From 95ec9efcbd193f0e70b392ca195bf6cec136554b Mon Sep 17 00:00:00 2001
From: jinzr <60612200+JinZr@users.noreply.github.com>
Date: Tue, 4 Jul 2023 12:03:57 +0800
Subject: [PATCH] Update export-onnx.py

updated `export-oonx.py` to accept `tokens.txt` for blank_id and vocab_size
---
 .../export-onnx.py                            | 43 ++++++++++++++-----
 1 file changed, 32 insertions(+), 11 deletions(-)

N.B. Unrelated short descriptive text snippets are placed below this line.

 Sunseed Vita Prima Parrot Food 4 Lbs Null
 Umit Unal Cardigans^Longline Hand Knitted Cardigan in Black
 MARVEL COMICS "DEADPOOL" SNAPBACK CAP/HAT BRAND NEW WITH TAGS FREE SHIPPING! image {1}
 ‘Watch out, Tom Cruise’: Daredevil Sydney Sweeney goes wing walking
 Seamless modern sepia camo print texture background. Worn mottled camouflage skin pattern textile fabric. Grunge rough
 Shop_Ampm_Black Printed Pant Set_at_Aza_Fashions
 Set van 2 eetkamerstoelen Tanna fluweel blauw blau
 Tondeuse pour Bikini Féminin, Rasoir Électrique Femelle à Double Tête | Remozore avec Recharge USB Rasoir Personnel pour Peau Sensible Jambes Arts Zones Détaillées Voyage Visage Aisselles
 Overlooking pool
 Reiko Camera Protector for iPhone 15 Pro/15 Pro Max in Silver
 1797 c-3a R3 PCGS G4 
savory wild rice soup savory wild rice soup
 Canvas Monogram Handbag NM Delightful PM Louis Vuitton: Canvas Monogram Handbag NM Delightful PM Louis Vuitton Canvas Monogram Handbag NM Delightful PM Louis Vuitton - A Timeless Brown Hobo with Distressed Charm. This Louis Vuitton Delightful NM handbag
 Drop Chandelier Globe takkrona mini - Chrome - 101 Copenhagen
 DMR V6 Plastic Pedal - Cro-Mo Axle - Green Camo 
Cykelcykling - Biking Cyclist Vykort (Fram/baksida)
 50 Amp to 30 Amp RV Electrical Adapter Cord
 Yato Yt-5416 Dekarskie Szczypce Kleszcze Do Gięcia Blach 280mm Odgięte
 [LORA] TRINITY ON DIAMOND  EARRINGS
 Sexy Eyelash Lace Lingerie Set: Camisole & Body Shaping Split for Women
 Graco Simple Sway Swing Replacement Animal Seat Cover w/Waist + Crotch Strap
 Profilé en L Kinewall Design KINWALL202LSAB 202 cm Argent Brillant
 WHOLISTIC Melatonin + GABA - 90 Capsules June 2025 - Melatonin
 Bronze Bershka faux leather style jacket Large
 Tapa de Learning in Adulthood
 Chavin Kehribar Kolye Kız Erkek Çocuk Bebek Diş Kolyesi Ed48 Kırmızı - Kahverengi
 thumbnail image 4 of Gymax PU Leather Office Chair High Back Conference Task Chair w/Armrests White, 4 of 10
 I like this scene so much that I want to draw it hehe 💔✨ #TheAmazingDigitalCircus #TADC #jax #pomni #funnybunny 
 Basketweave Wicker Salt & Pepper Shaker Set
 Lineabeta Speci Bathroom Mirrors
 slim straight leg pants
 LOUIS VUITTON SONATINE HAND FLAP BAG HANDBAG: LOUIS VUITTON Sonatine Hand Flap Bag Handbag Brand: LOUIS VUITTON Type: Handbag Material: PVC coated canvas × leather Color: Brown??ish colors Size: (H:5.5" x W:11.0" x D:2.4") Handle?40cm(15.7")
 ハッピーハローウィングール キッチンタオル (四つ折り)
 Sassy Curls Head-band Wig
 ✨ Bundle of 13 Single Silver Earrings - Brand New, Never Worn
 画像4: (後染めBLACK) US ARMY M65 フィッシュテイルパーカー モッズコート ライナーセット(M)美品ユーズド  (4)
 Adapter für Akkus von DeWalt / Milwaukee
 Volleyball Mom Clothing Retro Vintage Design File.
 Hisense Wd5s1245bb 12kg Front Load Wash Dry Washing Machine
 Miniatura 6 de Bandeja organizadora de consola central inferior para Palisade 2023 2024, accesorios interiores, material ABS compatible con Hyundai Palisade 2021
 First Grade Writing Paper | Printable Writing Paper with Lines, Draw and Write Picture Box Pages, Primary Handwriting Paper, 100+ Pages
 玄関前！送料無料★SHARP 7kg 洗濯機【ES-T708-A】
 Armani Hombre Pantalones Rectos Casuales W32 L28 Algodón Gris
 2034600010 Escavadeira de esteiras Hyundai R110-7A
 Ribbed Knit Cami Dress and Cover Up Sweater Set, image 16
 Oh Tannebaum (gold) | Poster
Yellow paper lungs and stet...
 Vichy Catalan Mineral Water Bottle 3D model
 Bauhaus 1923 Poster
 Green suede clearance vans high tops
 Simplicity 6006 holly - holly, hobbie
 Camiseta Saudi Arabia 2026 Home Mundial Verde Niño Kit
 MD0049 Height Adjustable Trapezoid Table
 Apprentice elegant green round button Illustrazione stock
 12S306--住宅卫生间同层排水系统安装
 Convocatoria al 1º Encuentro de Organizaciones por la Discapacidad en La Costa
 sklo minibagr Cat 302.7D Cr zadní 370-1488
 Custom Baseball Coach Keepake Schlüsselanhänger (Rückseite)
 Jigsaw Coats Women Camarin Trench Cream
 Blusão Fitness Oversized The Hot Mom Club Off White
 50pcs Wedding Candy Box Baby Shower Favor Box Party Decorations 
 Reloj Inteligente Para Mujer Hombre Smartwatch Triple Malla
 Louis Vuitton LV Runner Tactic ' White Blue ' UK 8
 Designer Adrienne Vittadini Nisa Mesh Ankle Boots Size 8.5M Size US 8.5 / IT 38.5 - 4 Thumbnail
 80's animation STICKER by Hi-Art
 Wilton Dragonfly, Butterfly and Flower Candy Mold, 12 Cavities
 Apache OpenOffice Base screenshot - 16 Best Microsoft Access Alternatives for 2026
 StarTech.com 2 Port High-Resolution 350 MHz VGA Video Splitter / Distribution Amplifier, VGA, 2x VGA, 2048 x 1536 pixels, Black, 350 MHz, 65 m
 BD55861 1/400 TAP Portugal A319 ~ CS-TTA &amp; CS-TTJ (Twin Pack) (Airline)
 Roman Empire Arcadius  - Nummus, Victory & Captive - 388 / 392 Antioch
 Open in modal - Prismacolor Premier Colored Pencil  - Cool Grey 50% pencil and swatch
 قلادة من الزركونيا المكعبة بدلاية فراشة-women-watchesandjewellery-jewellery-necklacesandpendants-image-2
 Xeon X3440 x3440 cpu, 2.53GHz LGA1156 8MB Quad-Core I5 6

diff --git a/egs/librispeech/ASR/pruned_transducer_stateless7/export-onnx.py b/egs/librispeech/ASR/pruned_transducer_stateless7/export-onnx.py
index d2db92820..46924a726 100755
--- a/egs/librispeech/ASR/pruned_transducer_stateless7/export-onnx.py
+++ b/egs/librispeech/ASR/pruned_transducer_stateless7/export-onnx.py
@@ -1,6 +1,7 @@
 #!/usr/bin/env python3
 #
-# Copyright 2023 Xiaomi Corporation (Author: Fangjun Kuang)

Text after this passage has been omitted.